Exercise goal:
Take the lines below beginning at the line that has "Beneath the Tides of Fundy" and stopping after the line that has "hästar En bästa", and print them exactly as they are, with no other lines.

Task input:

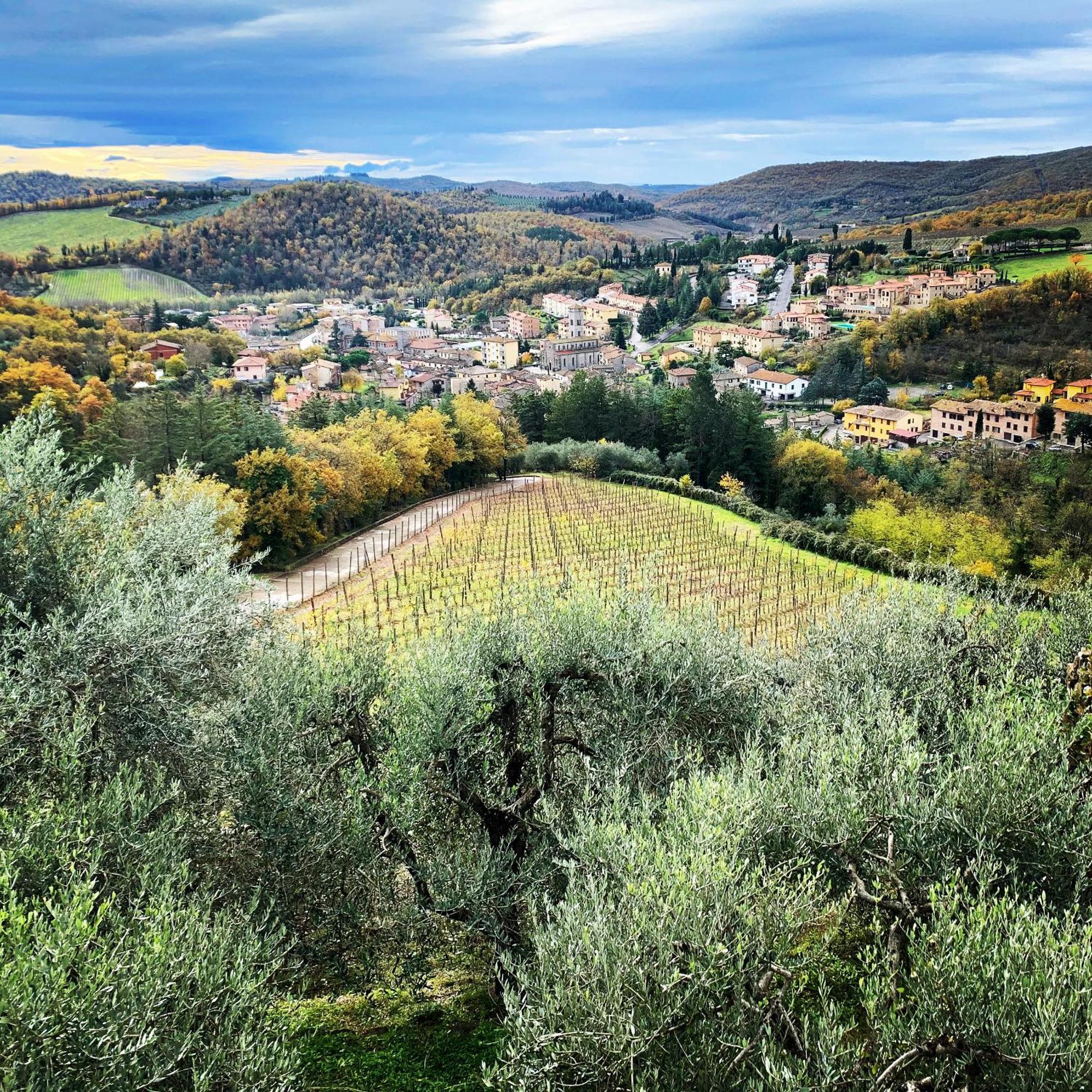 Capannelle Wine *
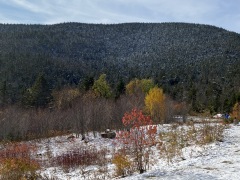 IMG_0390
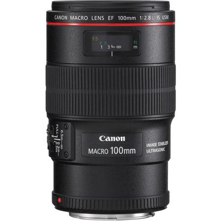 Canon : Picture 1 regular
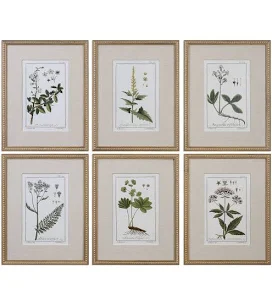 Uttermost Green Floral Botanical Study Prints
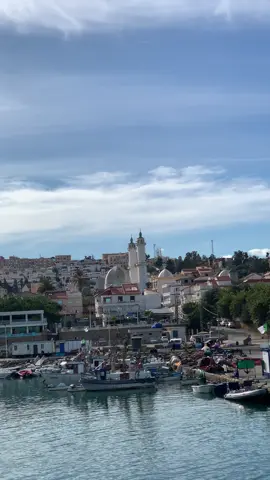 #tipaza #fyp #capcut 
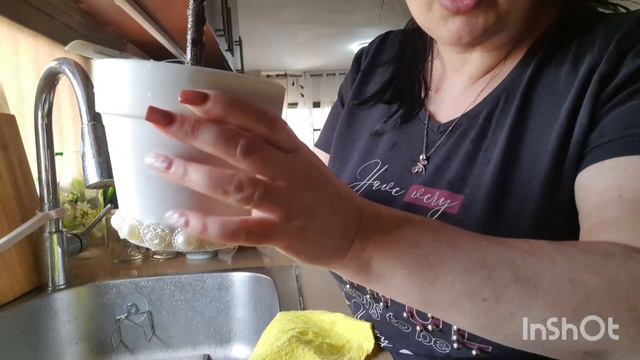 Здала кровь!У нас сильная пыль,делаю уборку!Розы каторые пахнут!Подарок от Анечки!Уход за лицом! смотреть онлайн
==
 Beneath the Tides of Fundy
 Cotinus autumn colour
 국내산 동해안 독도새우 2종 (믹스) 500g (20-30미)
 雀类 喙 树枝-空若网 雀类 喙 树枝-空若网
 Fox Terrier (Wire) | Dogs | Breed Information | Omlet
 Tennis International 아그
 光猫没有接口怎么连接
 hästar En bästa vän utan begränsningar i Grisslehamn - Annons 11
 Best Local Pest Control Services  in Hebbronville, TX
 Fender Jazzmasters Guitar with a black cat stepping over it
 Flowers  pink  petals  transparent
...
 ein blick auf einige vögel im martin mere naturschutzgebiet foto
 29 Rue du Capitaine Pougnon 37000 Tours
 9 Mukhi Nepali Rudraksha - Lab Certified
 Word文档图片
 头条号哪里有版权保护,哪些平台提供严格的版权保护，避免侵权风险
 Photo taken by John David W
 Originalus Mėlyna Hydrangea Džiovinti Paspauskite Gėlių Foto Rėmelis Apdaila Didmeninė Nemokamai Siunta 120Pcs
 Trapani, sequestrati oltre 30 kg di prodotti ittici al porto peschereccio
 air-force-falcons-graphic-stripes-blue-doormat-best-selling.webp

Exercise solution:
 Beneath the Tides of Fundy
 Cotinus autumn colour
 국내산 동해안 독도새우 2종 (믹스) 500g (20-30미)
 雀类 喙 树枝-空若网 雀类 喙 树枝-空若网
 Fox Terrier (Wire) | Dogs | Breed Information | Omlet
 Tennis International 아그
 光猫没有接口怎么连接
 hästar En bästa vän utan begränsningar i Grisslehamn - Annons 11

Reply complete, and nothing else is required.